=== Begin Enclosure ===

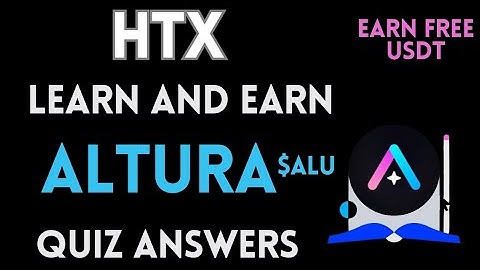 HTX Learn And Earn | Altura Quiz Answers | Earn Free USDT | Crypto Loot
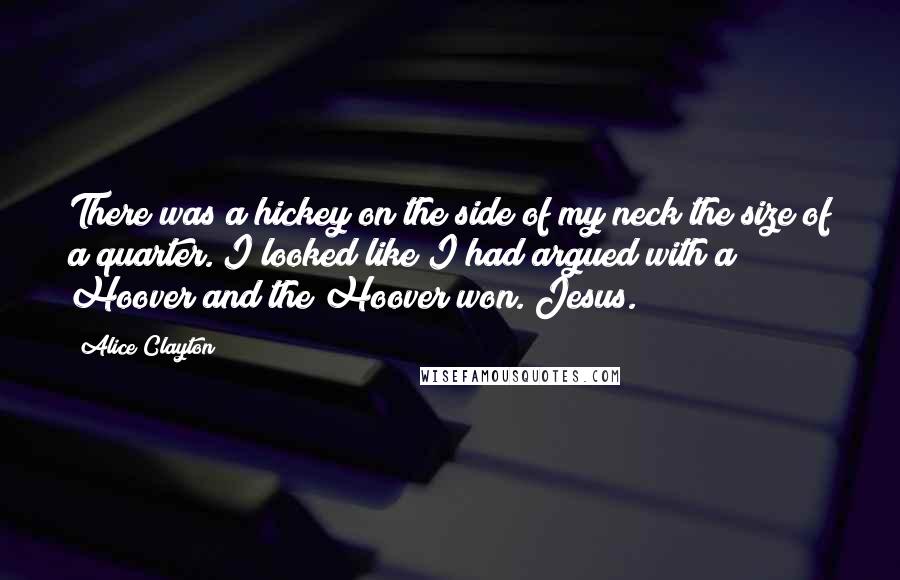 Alice Clayton Quotes: There was a hickey on the side of my neck the size of a quarter. I looked like I had argued with a Hoover and the Hoover won. Jesus.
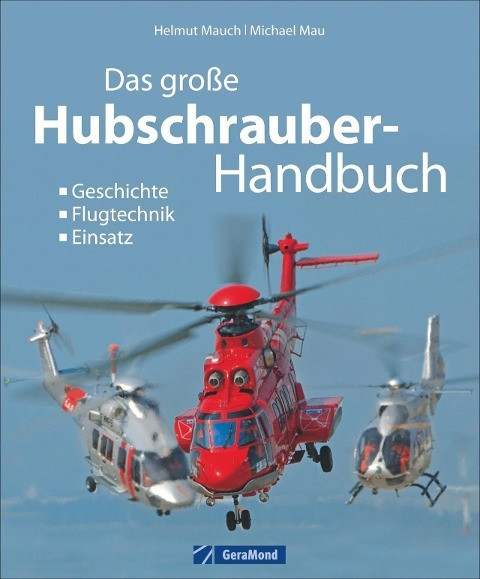 Das große Buch der Hubschrauber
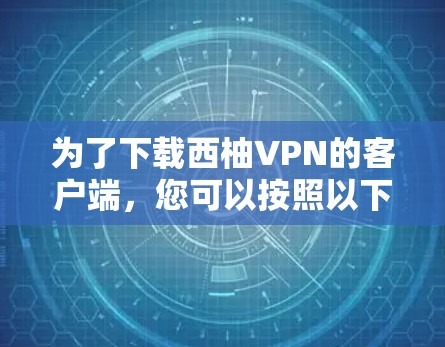 为了下载西柚VPN的客户端，您可以按照以下步骤进行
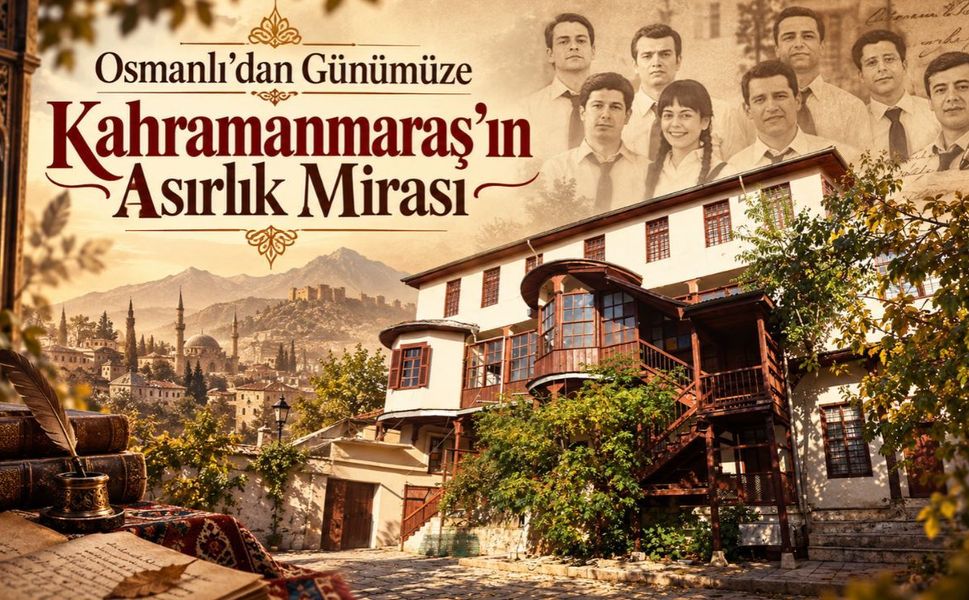 Kahramanmaraş’ın 40 Odalı Konağının Asırlık Hikâyesi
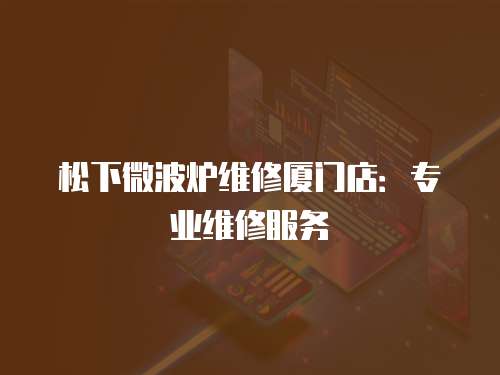松下微波爐維修廈門店：專業維修服務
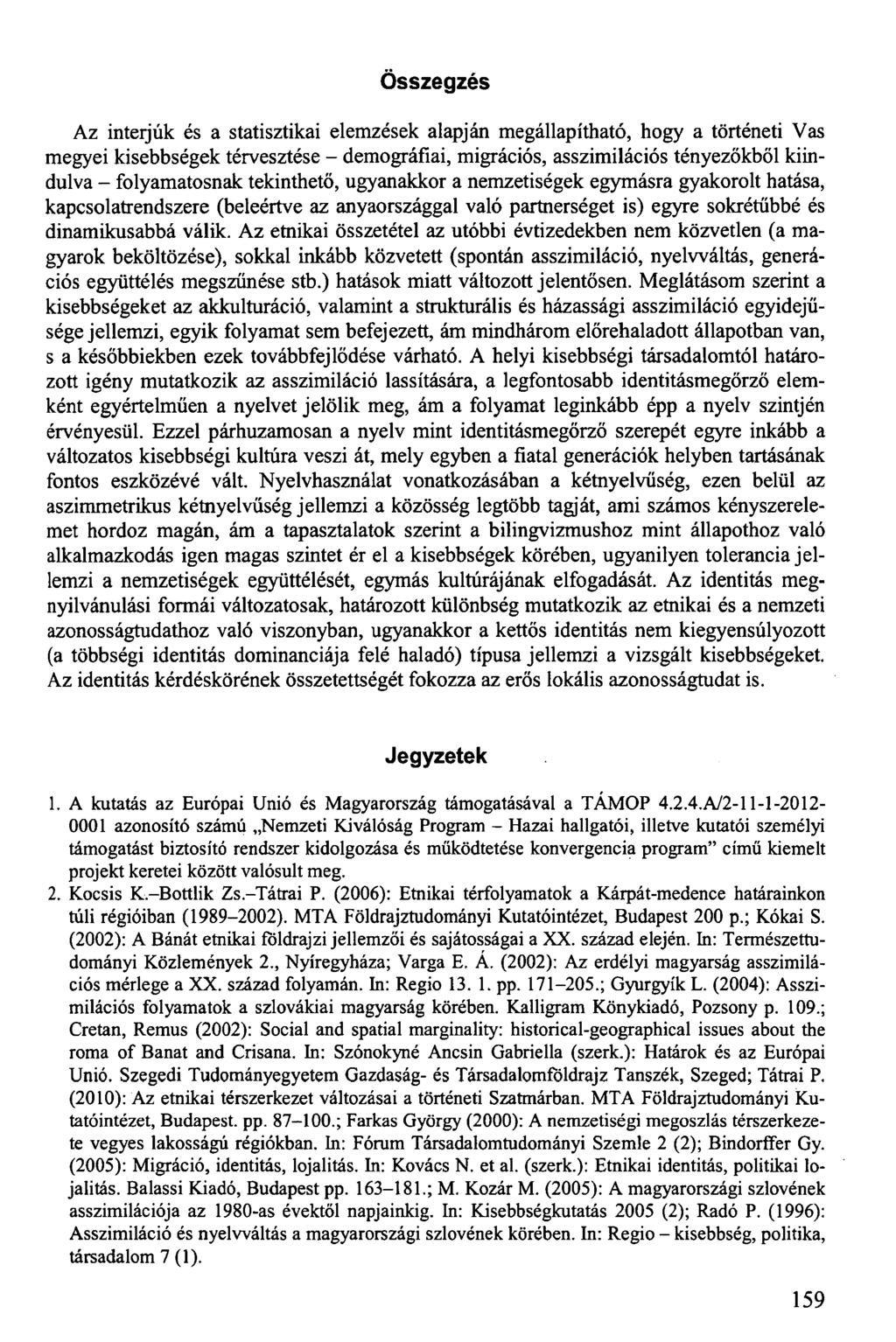 Összegzés Az interjúk és a statisztikai elemzések alapján megállapítható, hogy a történeti Vas megyei kisebbségek térvesztése - demográfiai, migrációs, asszimilációs tényezőkből kiindulva -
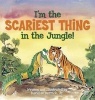 I'm the Scariest Thing in the Jungle! (Hardcover) - David Derrick Photo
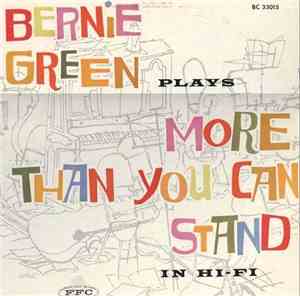 Bernie Green - Bernie Green Plays More Than You Can Stand In Hi-Fi
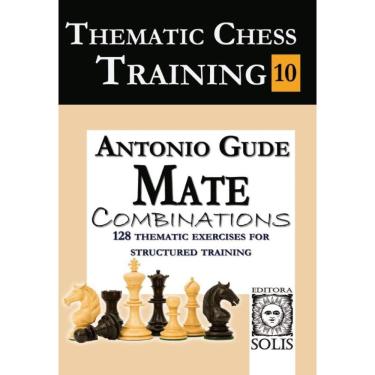 Imagem de Thematic Chess Training: Book 10 - Mate Combinations (English Edition)
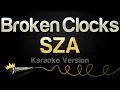 Download Lagu SZA - Broken Clocks (Karaoke Version)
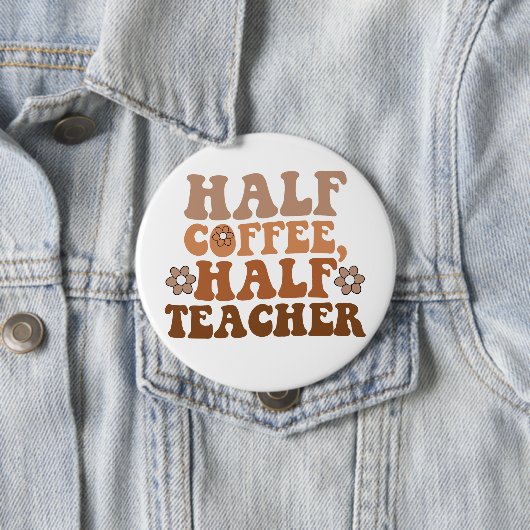 Half Coffee Half Leraar Terug naar School Leraar Ronde Button 4,0 Cm (In situ)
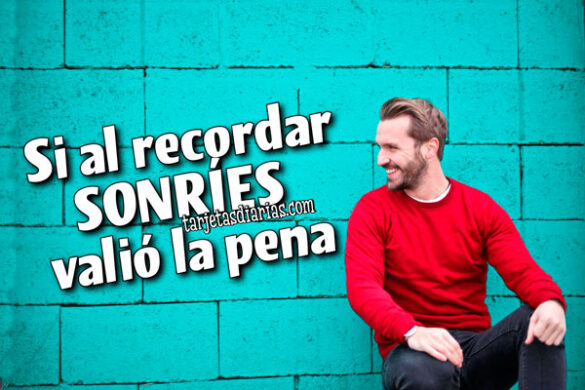 SI AL RECORDAR SONRÍES, VALIÓ LA PENA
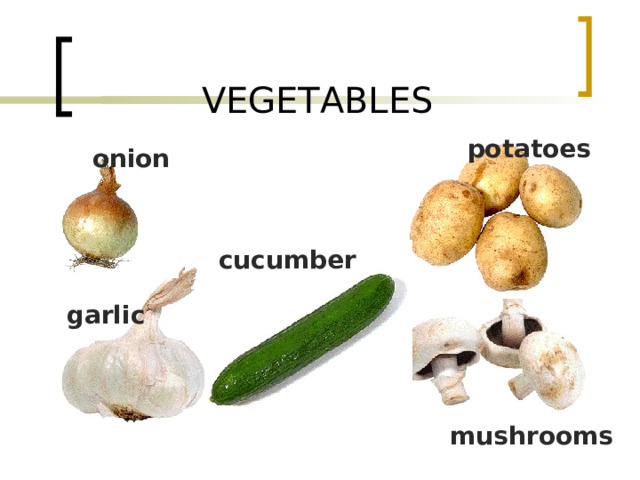  VEGETABLES potatoes onion cucumber garlic mushrooms 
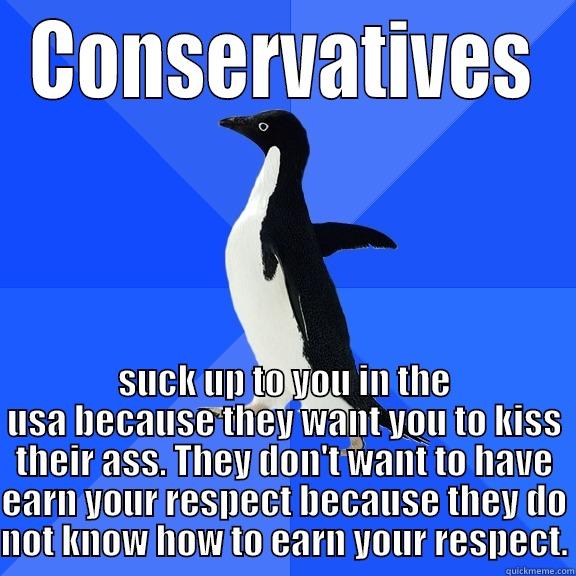 CONSERVATIVES SUCK UP TO YOU IN THE USA BECAUSE THEY WANT YOU TO KISS THEIR ASS. THEY DON'T WANT TO HAVE EARN YOUR RESPECT BECAUSE THEY DO NOT KNOW HOW TO EARN YOUR RESPECT. Socially Awkward Penguin
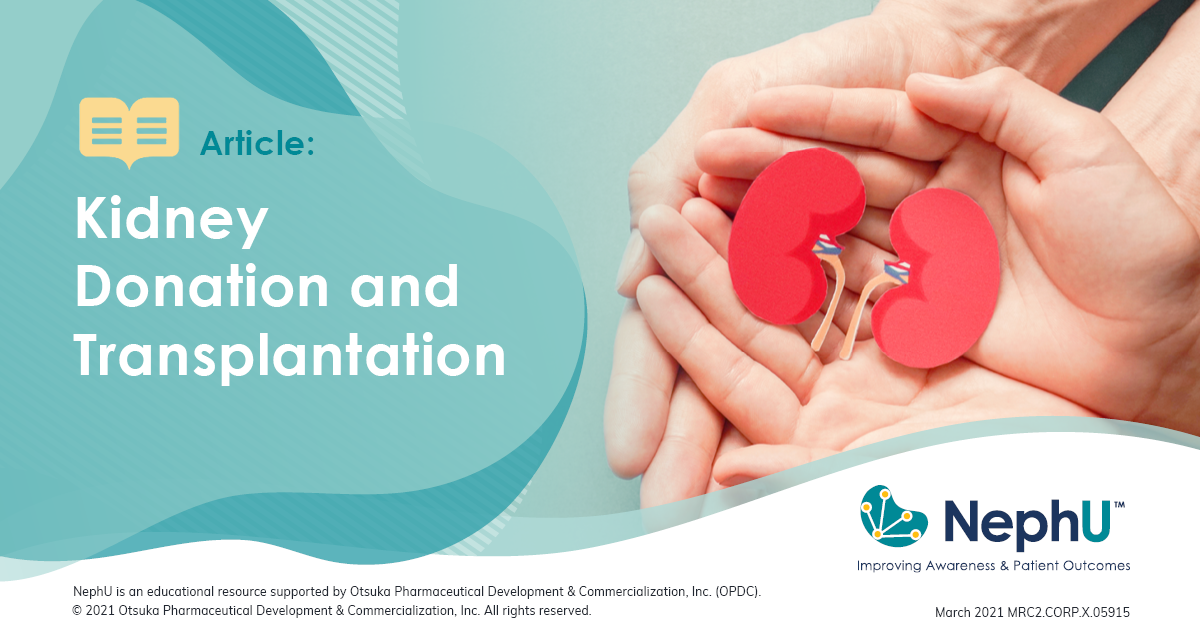 The Current State Of American Kidney Donation & Transplantation NephU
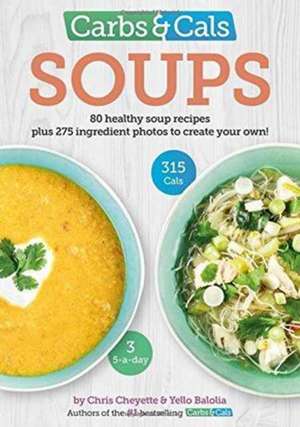 Cheyette, C: Carbs & Cals Soups de CHRIS CHEYETTE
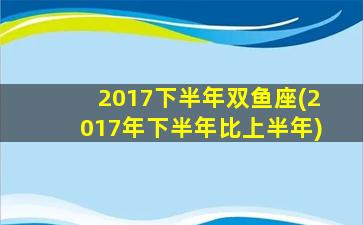 2017下半年双鱼座(2017年下半年比上半年)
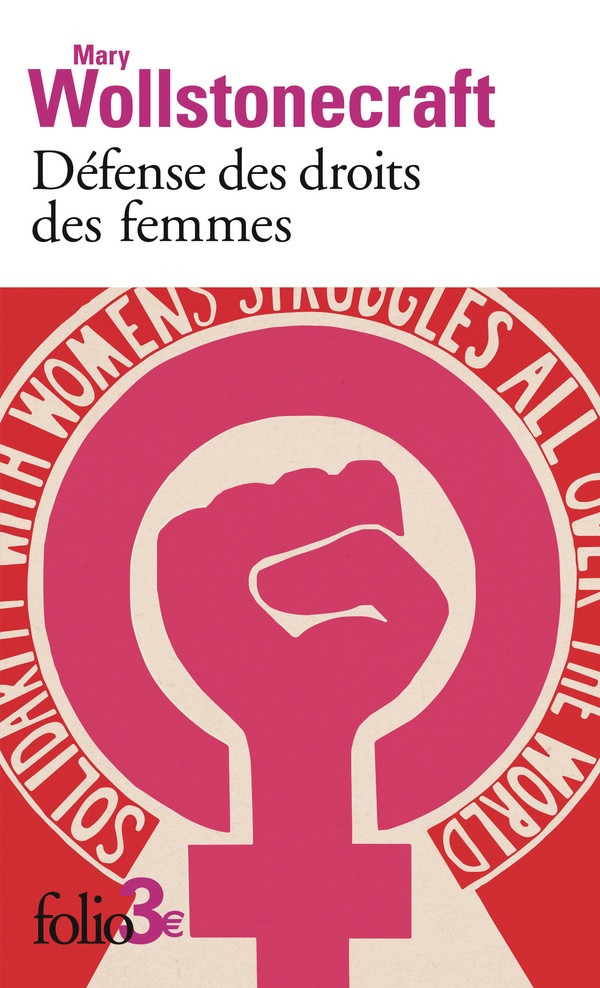 DEFENSE DES DROITS DES FEMMES - EXTRAITS - WOLLSTONECRAFT MARY - GALLIMARD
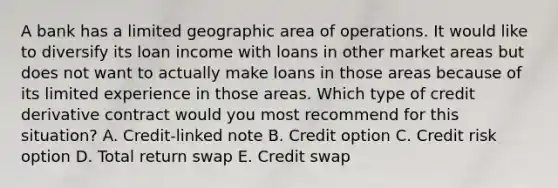 A bank has a limited geographic area of operations. It would like to diversify its loan income with loans in other market areas but does not want to actually make loans in those areas because of its limited experience in those areas. Which type of credit derivative contract would you most recommend for this situation? A. Credit-linked note B. Credit option C. Credit risk option D. Total return swap E. Credit swap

=== End Enclosure ===

Give back exactly the lines above that run from the one with "松下微波爐維修廈門店：專業維修服務" to the one with "DEFENSE DES DROITS", including both, with the pictures left out.

- _EXERCISE OUTPUT_
松下微波爐維修廈門店：專業維修服務
 Összegzés Az interjúk és a statisztikai elemzések alapján megállapítható, hogy a történeti Vas megyei kisebbségek térvesztése - demográfiai, migrációs, asszimilációs tényezőkből kiindulva -
 I'm the Scariest Thing in the Jungle! (Hardcover) - David Derrick Photo
 Bernie Green - Bernie Green Plays More Than You Can Stand In Hi-Fi
 Imagem de Thematic Chess Training: Book 10 - Mate Combinations (English Edition)
 Download Lagu SZA - Broken Clocks (Karaoke Version)
 Half Coffee Half Leraar Terug naar School Leraar Ronde Button 4,0 Cm (In situ)
 SI AL RECORDAR SONRÍES, VALIÓ LA PENA
  VEGETABLES potatoes onion cucumber garlic mushrooms 
 CONSERVATIVES SUCK UP TO YOU IN THE USA BECAUSE THEY WANT YOU TO KISS THEIR ASS. THEY DON'T WANT TO HAVE EARN YOUR RESPECT BECAUSE THEY DO NOT KNOW HOW TO EARN YOUR RESPECT. Socially Awkward Penguin
 The Current State Of American Kidney Donation & Transplantation NephU
 Cheyette, C: Carbs & Cals Soups de CHRIS CHEYETTE
 2017下半年双鱼座(2017年下半年比上半年)
 DEFENSE DES DROITS DES FEMMES - EXTRAITS - WOLLSTONECRAFT MARY - GALLIMARD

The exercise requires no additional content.